In the 1990s, productivity gains in the US translated into higher economic output, higher incomes, and in turn increasing jobs (because the higher incomes raised demand for goods and services they produced). But Zakaria observes that lately, productivity gains have been achieved almost entirely by cutting jobs; that is, finding ways of producing the same products with fewer people. As any casual observer would surmise, a prime factor is technology, where rapid advances have been displacing human workers just as rapidly. And nowadays, it’s not just unskilled labor that machines are replacing; computer programs have become so sophisticated that computers can now do tasks that previously took highly educated or highly skilled workers to perform.

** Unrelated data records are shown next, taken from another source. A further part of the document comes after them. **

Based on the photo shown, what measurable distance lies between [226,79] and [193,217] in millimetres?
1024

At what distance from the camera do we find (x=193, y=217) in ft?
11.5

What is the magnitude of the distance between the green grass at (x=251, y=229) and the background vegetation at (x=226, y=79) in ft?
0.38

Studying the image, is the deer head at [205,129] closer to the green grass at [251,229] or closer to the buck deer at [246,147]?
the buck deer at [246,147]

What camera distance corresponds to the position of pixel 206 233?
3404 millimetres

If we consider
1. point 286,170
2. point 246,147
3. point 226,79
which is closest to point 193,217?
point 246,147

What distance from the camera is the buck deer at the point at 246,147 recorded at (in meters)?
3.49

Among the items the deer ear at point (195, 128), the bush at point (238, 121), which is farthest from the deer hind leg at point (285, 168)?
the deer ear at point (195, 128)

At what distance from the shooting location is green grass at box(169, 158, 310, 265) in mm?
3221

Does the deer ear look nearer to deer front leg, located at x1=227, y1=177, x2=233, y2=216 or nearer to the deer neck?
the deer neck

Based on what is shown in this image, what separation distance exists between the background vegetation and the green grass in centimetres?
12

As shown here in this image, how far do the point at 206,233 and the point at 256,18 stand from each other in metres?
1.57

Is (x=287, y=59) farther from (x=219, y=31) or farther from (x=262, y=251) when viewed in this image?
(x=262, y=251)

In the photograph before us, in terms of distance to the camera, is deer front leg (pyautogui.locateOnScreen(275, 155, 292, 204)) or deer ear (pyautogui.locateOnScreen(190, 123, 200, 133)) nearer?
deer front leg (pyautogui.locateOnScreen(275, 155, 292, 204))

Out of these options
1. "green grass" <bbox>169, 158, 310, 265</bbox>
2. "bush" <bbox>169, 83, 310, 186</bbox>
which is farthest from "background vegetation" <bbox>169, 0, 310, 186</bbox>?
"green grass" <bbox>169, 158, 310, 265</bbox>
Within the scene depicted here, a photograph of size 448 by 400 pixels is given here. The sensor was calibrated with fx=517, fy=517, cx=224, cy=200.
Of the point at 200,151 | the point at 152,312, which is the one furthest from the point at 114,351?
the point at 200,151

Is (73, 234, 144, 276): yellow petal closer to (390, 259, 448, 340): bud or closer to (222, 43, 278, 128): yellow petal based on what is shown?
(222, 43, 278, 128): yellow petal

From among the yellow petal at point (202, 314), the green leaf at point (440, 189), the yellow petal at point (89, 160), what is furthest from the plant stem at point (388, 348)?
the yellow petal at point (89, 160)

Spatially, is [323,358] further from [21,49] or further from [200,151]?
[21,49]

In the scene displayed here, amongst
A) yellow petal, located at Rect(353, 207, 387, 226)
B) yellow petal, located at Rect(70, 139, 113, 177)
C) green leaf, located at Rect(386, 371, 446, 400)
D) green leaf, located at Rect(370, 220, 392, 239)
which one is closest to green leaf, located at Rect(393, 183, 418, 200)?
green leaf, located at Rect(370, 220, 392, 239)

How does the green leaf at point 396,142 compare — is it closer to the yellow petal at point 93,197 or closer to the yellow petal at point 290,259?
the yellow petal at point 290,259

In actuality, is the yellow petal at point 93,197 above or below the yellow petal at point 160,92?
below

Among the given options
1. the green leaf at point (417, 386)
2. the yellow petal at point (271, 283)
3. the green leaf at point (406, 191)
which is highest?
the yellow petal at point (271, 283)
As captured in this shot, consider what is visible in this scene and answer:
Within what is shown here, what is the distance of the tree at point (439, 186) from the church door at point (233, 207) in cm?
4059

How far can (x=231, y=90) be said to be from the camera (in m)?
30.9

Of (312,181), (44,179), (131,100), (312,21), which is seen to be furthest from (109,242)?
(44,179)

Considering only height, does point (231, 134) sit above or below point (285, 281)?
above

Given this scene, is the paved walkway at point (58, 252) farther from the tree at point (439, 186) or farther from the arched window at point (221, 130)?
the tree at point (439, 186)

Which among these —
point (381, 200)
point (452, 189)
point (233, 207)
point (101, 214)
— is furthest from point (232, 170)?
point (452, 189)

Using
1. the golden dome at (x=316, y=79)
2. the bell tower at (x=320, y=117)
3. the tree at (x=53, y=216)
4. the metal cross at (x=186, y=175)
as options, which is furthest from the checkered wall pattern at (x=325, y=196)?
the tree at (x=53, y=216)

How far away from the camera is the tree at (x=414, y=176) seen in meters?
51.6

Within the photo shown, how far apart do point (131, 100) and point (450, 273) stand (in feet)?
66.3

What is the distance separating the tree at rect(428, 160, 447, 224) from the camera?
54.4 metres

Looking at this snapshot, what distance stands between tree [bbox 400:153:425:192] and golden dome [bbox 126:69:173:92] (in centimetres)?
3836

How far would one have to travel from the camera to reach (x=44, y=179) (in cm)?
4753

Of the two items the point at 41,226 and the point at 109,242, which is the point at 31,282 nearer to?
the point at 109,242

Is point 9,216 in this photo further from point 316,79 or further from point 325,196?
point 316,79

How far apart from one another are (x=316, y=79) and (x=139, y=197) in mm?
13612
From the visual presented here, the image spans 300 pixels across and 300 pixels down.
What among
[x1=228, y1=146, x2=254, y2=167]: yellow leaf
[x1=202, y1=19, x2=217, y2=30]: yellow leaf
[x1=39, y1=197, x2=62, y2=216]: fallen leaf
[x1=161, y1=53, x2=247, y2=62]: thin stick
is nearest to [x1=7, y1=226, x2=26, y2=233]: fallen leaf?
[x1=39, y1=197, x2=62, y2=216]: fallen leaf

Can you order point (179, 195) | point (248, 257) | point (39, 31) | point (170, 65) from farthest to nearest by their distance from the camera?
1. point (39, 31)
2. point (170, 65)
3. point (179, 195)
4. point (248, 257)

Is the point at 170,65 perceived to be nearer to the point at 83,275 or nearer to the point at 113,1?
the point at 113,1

The situation is made even more difficult for workers in the Philippines by a host of other man-made problems. Rampant smuggling of various products ranging from onions to motor vehicles is stealing the business from domestic producers, and consequently jobs from Filipino workers. Peace and order problems in parts of Mindanao continue to make it very difficult to attract job-creating investments in that part of the country which suffers from the worst poverty. Declining education over the past decade has impaired the employability of our youth, even as statistics have consistently shown that our unemployment problem has primarily been a youth unemployment problem. And certain government policies that favor a few but inhibit the creation of millions of potential jobs continue to be in place.

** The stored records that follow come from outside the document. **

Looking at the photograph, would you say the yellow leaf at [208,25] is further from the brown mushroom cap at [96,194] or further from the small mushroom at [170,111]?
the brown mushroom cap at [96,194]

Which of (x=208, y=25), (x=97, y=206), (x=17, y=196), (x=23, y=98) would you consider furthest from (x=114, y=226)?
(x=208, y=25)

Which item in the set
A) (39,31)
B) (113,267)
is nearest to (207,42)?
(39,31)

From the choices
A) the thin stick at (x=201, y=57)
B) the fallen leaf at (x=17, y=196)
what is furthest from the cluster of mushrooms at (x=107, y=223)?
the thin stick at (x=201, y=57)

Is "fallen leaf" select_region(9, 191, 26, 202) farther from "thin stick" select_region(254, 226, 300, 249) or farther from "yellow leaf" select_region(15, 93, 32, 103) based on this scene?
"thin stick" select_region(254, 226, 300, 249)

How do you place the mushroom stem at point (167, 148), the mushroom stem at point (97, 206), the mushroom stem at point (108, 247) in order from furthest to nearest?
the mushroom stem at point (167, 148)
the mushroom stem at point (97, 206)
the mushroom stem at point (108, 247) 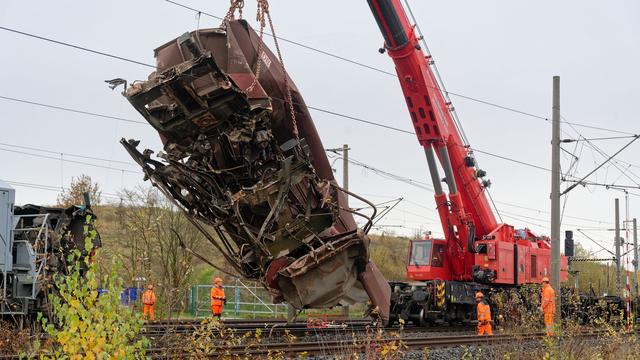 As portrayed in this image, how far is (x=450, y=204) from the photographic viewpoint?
17797mm

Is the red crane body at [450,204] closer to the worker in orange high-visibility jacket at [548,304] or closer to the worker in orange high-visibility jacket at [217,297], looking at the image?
the worker in orange high-visibility jacket at [548,304]

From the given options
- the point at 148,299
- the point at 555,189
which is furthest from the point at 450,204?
the point at 148,299

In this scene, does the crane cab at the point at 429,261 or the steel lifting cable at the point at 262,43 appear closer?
the steel lifting cable at the point at 262,43

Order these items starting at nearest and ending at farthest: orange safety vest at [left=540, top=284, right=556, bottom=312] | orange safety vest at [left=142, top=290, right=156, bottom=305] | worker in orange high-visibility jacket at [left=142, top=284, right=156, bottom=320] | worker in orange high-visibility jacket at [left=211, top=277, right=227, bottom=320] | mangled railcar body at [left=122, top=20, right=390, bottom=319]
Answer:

With the recent drop in President Aquino’s ratings being blamed on, among other things, his supposed failure to improve the job situation in the country, he needs a job-creation strategy fast. And he could well start with addressing the above.

Zakaria’s five-point job creation strategy for the US focuses on manufacturing, growth industries, retraining of workers, small businesses and opportunities in immediate needs. The same could very well form the basis for our own strategy to bring down unemployment, perhaps with slightly differing contexts and focus.

Manufacturing. Growth potentials for food manufactures, the most dominant manufacturing subsector, will keep rising amid rising demands in domestic and foreign markets. Creative ways must be found to facilitate investments in more small and medium-scale food processing closer to primary production areas, especially in Mindanao. Manufactures built on Filipinos’ design ingenuity, such as high-end furniture and apparel, are poised to keep doing well in world markets, especially with China’s declining labor cost advantage. But government needs to re-emphasize economic diplomacy, including strategic economic intelligence, and breaking into non-traditional markets in the work agenda of our diplomatic missions abroad.

Growth industries. Other industries with much recognized growth potential include low to medium-income housing, for which requirements far outstrip availability; tourism, where employment impacts go far and wide; and shipbuilding and repair, a natural for an archipelagic country like ours. Government needs to invest much more in public housing finance, where we fall far behind our Asian neighbors, including much poorer ones. Open skies would serve the greater good of the greater number, even as government must support our own air carriers in securing fair terms abroad.

Worker retraining. Here, our focus would be on returning displaced overseas workers, especially less-skilled ones, to be able to gear them for entrepreneurship, and thus have them create even more jobs rather than seek jobs themselves. For those who must rely on the latter, retraining programs to gear them up for the potential growth industries mentioned above is not a job for government alone, but must be yet another public-private partnership.

Small and medium enterprises. It is far cheaper to create a job in an SME than in a large enterprise, and benefits are more widespread. Government must make an orchestrated effort to provide the environment that makes access to financing, technology, raw materials and markets easier for SMEs that venture into agri-processing, light manufactures, tourism enterprises and other growth industries.

Immediate needs. Catching up on infrastructure, in terms of which we have lagged badly behind our neighbors, is a short-term imperative for the government; there are no ifs and buts about it. An institutional environment that facilitates infrastructure investments, whether funded from public coffers or by private partners, needs to be assured. Government must have a focused list of top priority projects that will bring the most strategic benefits nationwide and will be pursued relentlessly.

Much more can be done, to be sure. What is clear is that jobs, or the lack of them, will ultimately spell the success or failure of this administration.